Information supplied ▸
————————
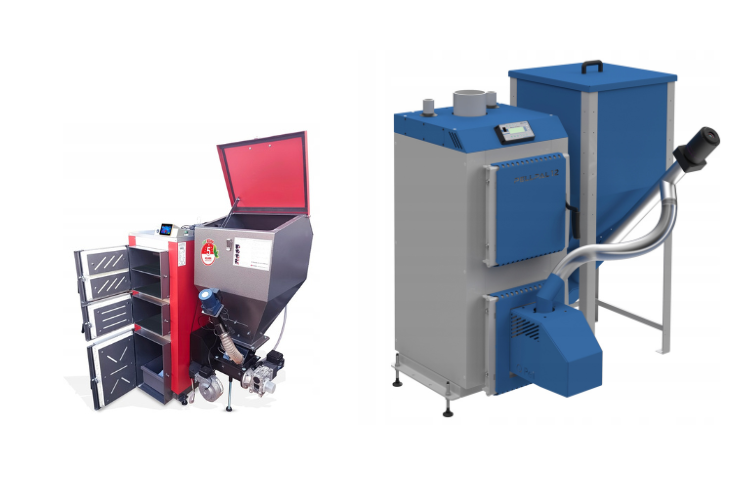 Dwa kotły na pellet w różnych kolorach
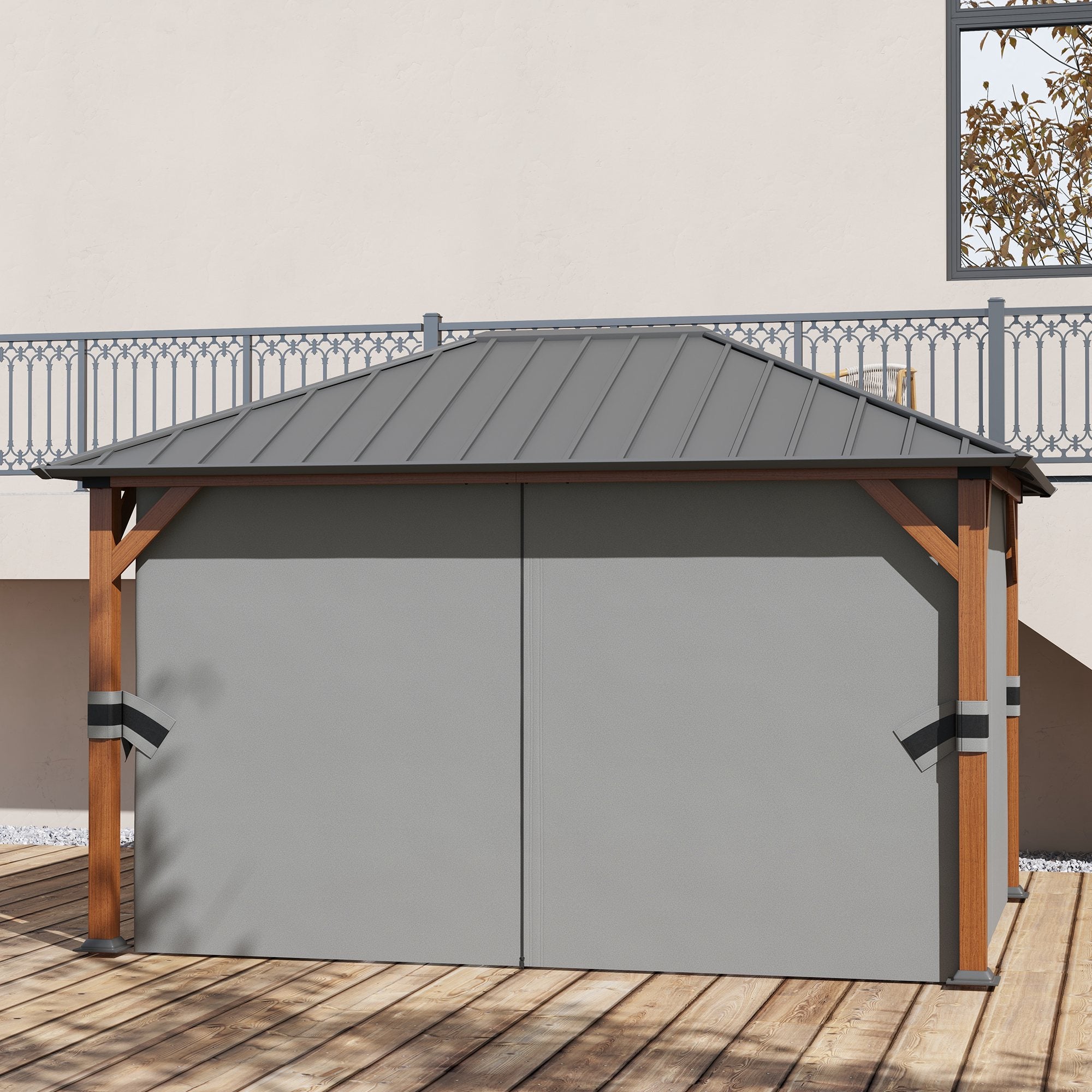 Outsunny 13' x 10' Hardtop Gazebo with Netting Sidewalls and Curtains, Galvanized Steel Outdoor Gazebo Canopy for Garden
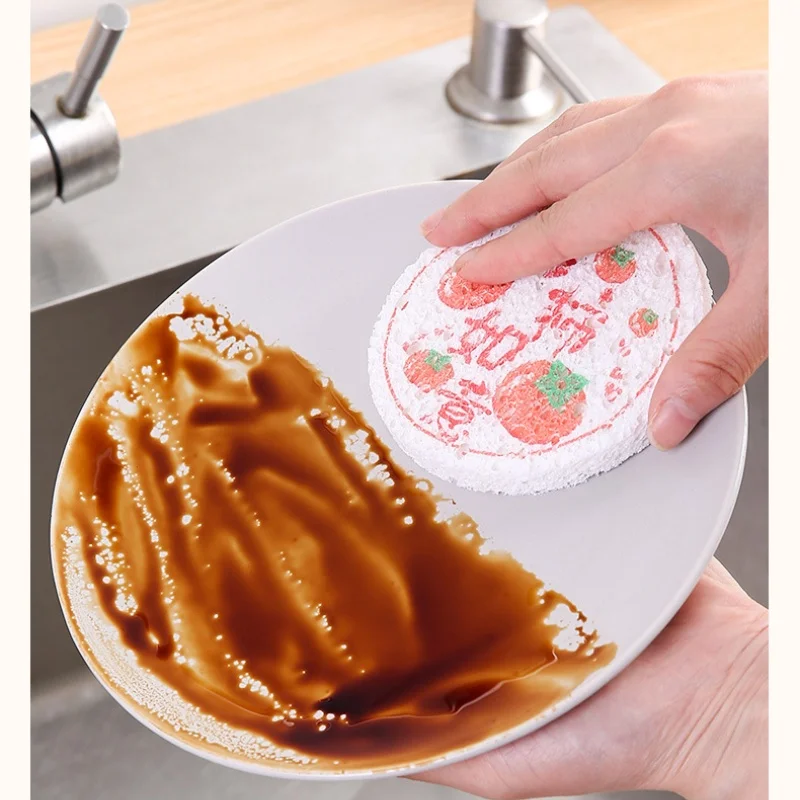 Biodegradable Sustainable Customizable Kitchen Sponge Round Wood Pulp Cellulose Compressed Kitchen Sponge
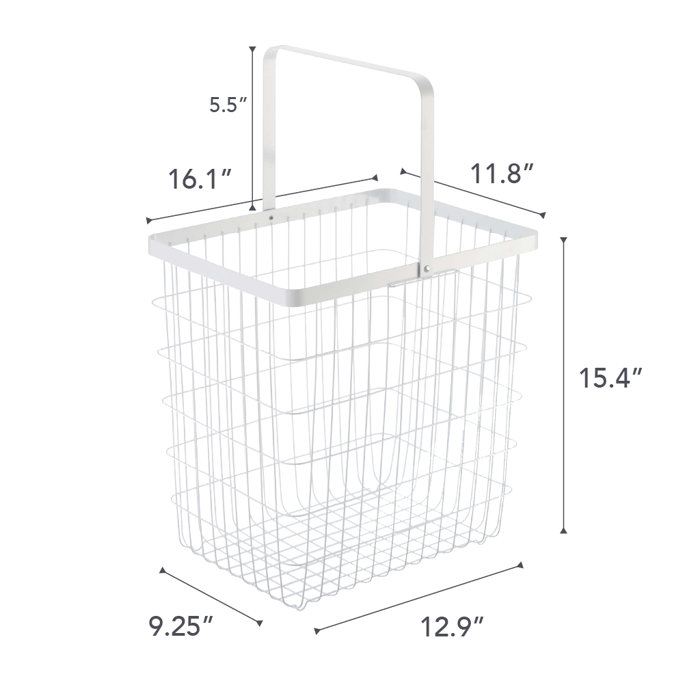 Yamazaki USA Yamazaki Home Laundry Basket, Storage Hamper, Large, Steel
————————
What to do ▸
Retype all the data exactly, please, without pictures.

Written solution ▸
 Dwa kotły na pellet w różnych kolorach
 Outsunny 13' x 10' Hardtop Gazebo with Netting Sidewalls and Curtains, Galvanized Steel Outdoor Gazebo Canopy for Garden
 Biodegradable Sustainable Customizable Kitchen Sponge Round Wood Pulp Cellulose Compressed Kitchen Sponge
 Yamazaki USA Yamazaki Home Laundry Basket, Storage Hamper, Large, Steel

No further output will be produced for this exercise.